Researchers have created new artificial intelligence that could spell the end for one of the most widely used website security systems.
The new algorithm, based on deep learning methods, is the most effective solver of captcha security and authentication systems to date and is able to defeat versions of text captcha schemes used to defend the majority of the world’s most popular websites.
Text-based captchas use a jumble of letters and numbers, along with other security features such as occluding lines, to distinguish between humans and malicious automated computer programmes. It relies on people finding it easier to decipher the characters than machines.
Developed by computer scientists at Lancaster University in the UK as well as Northwest University and Peking University in China, the solver delivers significantly higher accuracy than previous captcha attack systems, and is able to successfully crack versions of captcha where previous attack systems have failed.
The solver is also highly efficient. It can solve a captcha within 0.05 of a second by using a desktop PC.
It works by using a technique known as a ‘Generative Adversarial Network’, or GAN. This involves teaching a captcha generator programme to produce large numbers of training captchas that are indistinguishable from genuine captchas. These are then used to rapidly train a solver, which is then refined and tested against real captchas.
By using a machine-learned automatic captcha generator the researchers, or would be attackers, are able to significantly reduce the effort, and time, needed to find and manually tag captchas to train their software. It only requires 500 genuine captchas, instead of the millions that would normally be needed to effectively train an attack programme.
Previous captcha solvers are specific to one particular captcha variation. Prior machine-learning attack systems are labour intensive to build, requiring a lot of manual tagging of captchas to train the systems. They are also easily rendered obsolete by small changes in the security features used within captchas.
Because the new solver requires little human involvement it can easily be rebuilt to target new, or modified, captcha schemes.
The programme was tested on 33 captcha schemes, of which 11 are used by many of the world’s most popular websites – including eBay, Wikipedia and Microsoft.

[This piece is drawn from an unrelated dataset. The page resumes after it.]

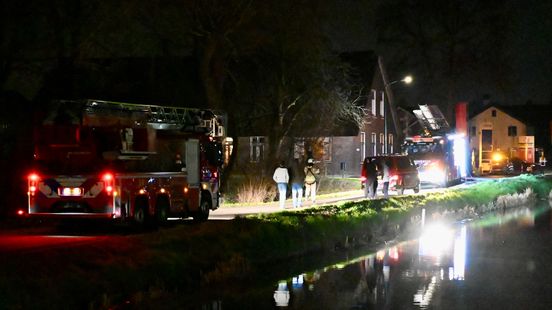 Fire brigade prevents a fire from burning trailer to spread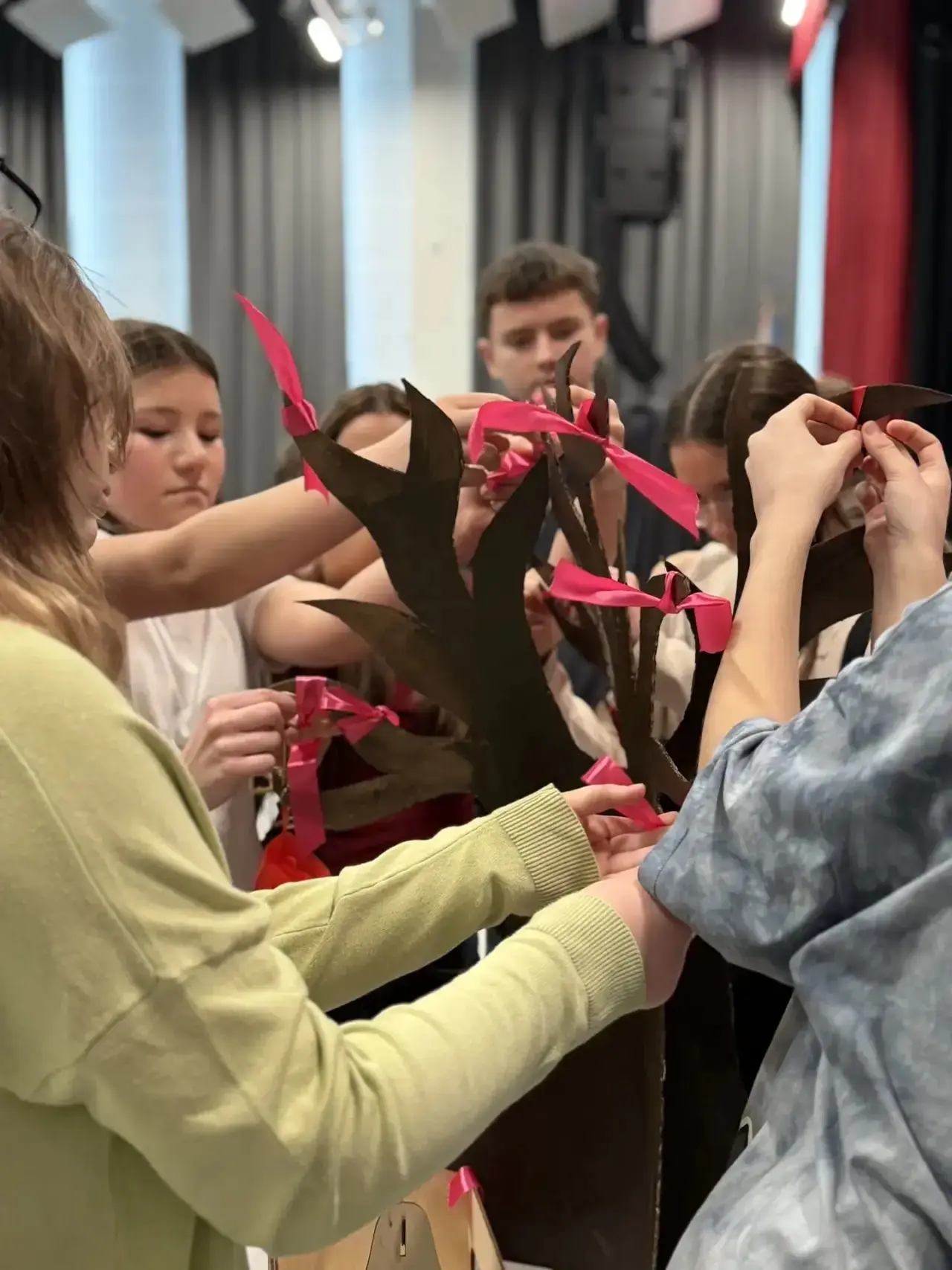 🎎 Код Китая: разгадан! 🎎  Сегодня наша гимназия превратилась в волшебный уголок Поднебесной — здесь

Dr Zheng Wang, Senior Lecturer at Lancaster University’s School of Computing and Communications and co-author of the research, said: “This is the first time a GAN-based approach has been used to construct solvers. Our work shows that the security features employed by the current text-based captcha schemes are particularly vulnerable under deep learning methods.“
We show for the first time that an adversary can quickly launch an attack on a new text-based captcha scheme with very low effort. This is scary because it means that this first security defence of many websites is no longer reliable. This means captcha opens up a huge security vulnerability which can be exploited by an attack in many ways.
Mr Guixin Ye, the lead student author of the work said: “It allows an adversary to launch an attack on services, such as Denial of Service attacks or spending spam or fishing messages, to steal personal data or even forge user identities. Given the high success rate of our approach for most of the text captcha schemes, websites should be abandoning captchas.”
Researchers believe websites should be considering alternative measures that use multiple layers of security, such as a user’s use patterns, the device location or even biometric information.
The research is published in the paper ‘Yet Another Text Captcha Solver: A Generative Adversarial Network Based Approach’ which was presented at the ACM Conference on Computer and Communications Security (CCS) 2018 in Toronto.
The research benefitted from funding from the Engineering and Physical Sciences Research Centre, or EPSRC, The Royal Society and the National Natural Science Foundation of China.